> _What you are asked to do_
All entries must be set down once more, precisely as given.

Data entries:
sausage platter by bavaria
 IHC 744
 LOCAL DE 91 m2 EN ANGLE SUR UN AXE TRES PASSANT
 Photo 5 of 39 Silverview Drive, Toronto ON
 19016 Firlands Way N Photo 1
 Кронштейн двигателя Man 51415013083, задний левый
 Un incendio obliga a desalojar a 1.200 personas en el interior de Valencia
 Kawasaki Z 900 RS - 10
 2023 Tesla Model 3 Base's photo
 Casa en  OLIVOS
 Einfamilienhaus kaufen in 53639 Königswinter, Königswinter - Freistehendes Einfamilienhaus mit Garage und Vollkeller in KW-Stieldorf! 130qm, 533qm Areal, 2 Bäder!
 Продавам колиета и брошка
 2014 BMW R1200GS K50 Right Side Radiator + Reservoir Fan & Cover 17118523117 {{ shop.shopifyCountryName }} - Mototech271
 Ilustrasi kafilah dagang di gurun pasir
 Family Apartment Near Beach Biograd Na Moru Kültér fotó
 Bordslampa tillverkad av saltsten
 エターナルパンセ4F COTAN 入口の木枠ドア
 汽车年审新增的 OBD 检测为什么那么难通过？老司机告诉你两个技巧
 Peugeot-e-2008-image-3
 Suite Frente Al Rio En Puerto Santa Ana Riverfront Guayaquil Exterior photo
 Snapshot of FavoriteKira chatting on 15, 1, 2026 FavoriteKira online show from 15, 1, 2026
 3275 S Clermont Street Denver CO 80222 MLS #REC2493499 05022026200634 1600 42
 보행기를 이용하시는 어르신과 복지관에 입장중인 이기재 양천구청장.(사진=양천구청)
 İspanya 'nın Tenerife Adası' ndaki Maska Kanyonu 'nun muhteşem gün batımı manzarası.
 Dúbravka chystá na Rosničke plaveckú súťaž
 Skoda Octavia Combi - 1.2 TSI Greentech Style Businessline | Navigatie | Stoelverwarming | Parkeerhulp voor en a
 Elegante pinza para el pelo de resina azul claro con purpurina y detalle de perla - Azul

> _Your response_
sausage platter by bavaria
 IHC 744
 LOCAL DE 91 m2 EN ANGLE SUR UN AXE TRES PASSANT
 Photo 5 of 39 Silverview Drive, Toronto ON
 19016 Firlands Way N Photo 1
 Кронштейн двигателя Man 51415013083, задний левый
 Un incendio obliga a desalojar a 1.200 personas en el interior de Valencia
 Kawasaki Z 900 RS - 10
 2023 Tesla Model 3 Base's photo
 Casa en  OLIVOS
 Einfamilienhaus kaufen in 53639 Königswinter, Königswinter - Freistehendes Einfamilienhaus mit Garage und Vollkeller in KW-Stieldorf! 130qm, 533qm Areal, 2 Bäder!
 Продавам колиета и брошка
 2014 BMW R1200GS K50 Right Side Radiator + Reservoir Fan & Cover 17118523117 {{ shop.shopifyCountryName }} - Mototech271
 Ilustrasi kafilah dagang di gurun pasir
 Family Apartment Near Beach Biograd Na Moru Kültér fotó
 Bordslampa tillverkad av saltsten
 エターナルパンセ4F COTAN 入口の木枠ドア
 汽车年审新增的 OBD 检测为什么那么难通过？老司机告诉你两个技巧
 Peugeot-e-2008-image-3
 Suite Frente Al Rio En Puerto Santa Ana Riverfront Guayaquil Exterior photo
 Snapshot of FavoriteKira chatting on 15, 1, 2026 FavoriteKira online show from 15, 1, 2026
 3275 S Clermont Street Denver CO 80222 MLS #REC2493499 05022026200634 1600 42
 보행기를 이용하시는 어르신과 복지관에 입장중인 이기재 양천구청장.(사진=양천구청)
 İspanya 'nın Tenerife Adası' ndaki Maska Kanyonu 'nun muhteşem gün batımı manzarası.
 Dúbravka chystá na Rosničke plaveckú súťaž
 Skoda Octavia Combi - 1.2 TSI Greentech Style Businessline | Navigatie | Stoelverwarming | Parkeerhulp voor en a
 Elegante pinza para el pelo de resina azul claro con purpurina y detalle de perla - Azul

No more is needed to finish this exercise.